DATA EXTRACT —
● ● ●
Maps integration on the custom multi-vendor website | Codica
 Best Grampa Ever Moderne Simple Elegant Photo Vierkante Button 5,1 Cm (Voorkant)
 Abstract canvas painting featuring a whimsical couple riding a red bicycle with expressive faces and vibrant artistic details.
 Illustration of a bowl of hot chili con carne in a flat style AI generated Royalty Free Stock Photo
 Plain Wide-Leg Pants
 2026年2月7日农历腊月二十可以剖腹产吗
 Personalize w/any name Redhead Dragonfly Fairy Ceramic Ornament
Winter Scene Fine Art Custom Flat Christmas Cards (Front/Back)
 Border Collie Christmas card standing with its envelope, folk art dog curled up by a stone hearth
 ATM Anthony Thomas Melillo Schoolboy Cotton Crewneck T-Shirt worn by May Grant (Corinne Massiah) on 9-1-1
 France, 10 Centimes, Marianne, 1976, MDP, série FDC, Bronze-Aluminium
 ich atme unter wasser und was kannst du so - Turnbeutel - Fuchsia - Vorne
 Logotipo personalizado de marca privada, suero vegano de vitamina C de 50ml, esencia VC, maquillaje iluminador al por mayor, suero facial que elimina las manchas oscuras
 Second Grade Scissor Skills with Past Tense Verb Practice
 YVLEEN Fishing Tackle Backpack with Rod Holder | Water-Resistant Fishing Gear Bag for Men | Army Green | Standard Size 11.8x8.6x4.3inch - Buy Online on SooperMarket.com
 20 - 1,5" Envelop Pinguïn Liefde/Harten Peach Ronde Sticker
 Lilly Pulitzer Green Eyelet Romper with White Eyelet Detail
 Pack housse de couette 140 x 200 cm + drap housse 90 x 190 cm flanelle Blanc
● ● ●
EXERCISE GOAL — From the data above, output exactly the lines between the one containing "2026年2月7日农历腊月二十可以剖腹产吗" and the one containing "ich atme unter", counting both of them.

WRITTEN ANSWER —
 2026年2月7日农历腊月二十可以剖腹产吗
 Personalize w/any name Redhead Dragonfly Fairy Ceramic Ornament
Winter Scene Fine Art Custom Flat Christmas Cards (Front/Back)
 Border Collie Christmas card standing with its envelope, folk art dog curled up by a stone hearth
 ATM Anthony Thomas Melillo Schoolboy Cotton Crewneck T-Shirt worn by May Grant (Corinne Massiah) on 9-1-1
 France, 10 Centimes, Marianne, 1976, MDP, série FDC, Bronze-Aluminium
 ich atme unter wasser und was kannst du so - Turnbeutel - Fuchsia - Vorne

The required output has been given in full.